Created attachment 335846 [details] Patch
I agree about the use of uintptr_t instead of uint32_t, I changed that. As for constants like 32767, they are used in many places in the file, unrelated to this patch, so I guess it would be better to fix that in a separate patch. I also added an optimization for 8-bit and 32-bit loads and stores with BaseIndex addressing, where a left shift instruction can be omitted if address.scale is 0.
Comment on attachment 335846 [details] Patch View in context: https://bugs.webkit.org/attachment.cgi?id=335846&action=review Overall, looks good to me.
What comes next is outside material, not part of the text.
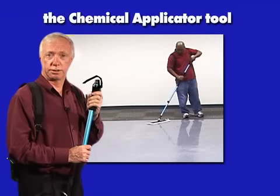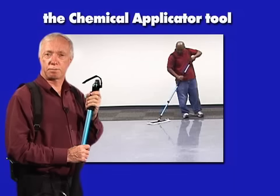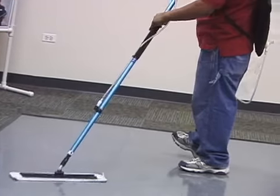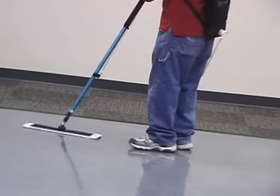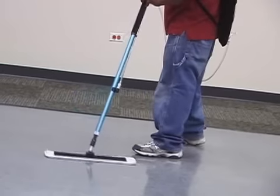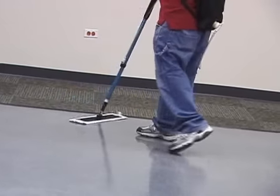The Chemical Applicator Tool, designed for ease of assembly, operation, and maintenance. This tool will save you a lot of labor when you need to lay down a coat of finish, or if you just need to clean a hard surface floor in one of your commercial accounts.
But r- because I found one bug in this patch. > Source/JavaScriptCore/assembler/MacroAssemblerMIPS.h:269 > + if ((adr >> 15) == ((adr+4) >> 15)) { Style nits: use `(adr + 4)` instead of `(adr+4)`. > Source/JavaScriptCore/assembler/MacroAssemblerMIPS.h:280 > + m_assembler.lw(dataTempRegister, addrTempRegister, (adr+4) & 0xffff); Ditto. > Source/JavaScriptCore/assembler/MacroAssemblerMIPS.h:284 > + m_assembler.sw(dataTempRegister, addrTempRegister, (adr+4) & 0xffff); Ditto. > Source/JavaScriptCore/assembler/MacroAssemblerMIPS.h:709 > + li addrTemp, address > + li immTemp, imm > + lw dataTemp, 0(addrTemp) > + subu dataTemp, dataTemp, immTemp > + sw dataTemp, 0(addrTemp) We need to fix this to align to the actual code. > Source/JavaScriptCore/assembler/MacroAssemblerMIPS.h:807 > + } It is wrong. ConvertibleLoadLabel's instructions need to be convertible to addPtr instruction sequence Please check MIPSAssembler::replaceWithLoad too.
Created attachment 335852 [details] Patch
Created attachment 335853 [details] Patch
Comment on attachment 335853 [details] Patch r=me, nice!
Comment on attachment 335853 [details] Patch Attachment 335853 [details] did not pass jsc-ews (mac): Output: http://webkit-queues.webkit.org/results/6965799 New failing tests: stress/ftl-put-by-id-setter-exception-interesting-live-state.js.no-cjit-collect-continuously
Just for the record, with these optimizations I got the following results on a mips32r1 platform: Benchmark Original Optimized Improvement Octane2 845 861 1.9% Kraken 3306 ms 3247 ms 1.8% JetStream 7.13 7.27 2.0%
(In reply to Stanislav Ocovaj from comment #13) > Just for the record, with these optimizations I got the following results on > a mips32r1 platform: > Benchmark Original Optimized Improvement > Octane2 845 861 1.9% > Kraken 3306 ms 3247 ms 1.8% > JetStream 7.13 7.27 2.0% That's pretty good for such a relatively small change, good work!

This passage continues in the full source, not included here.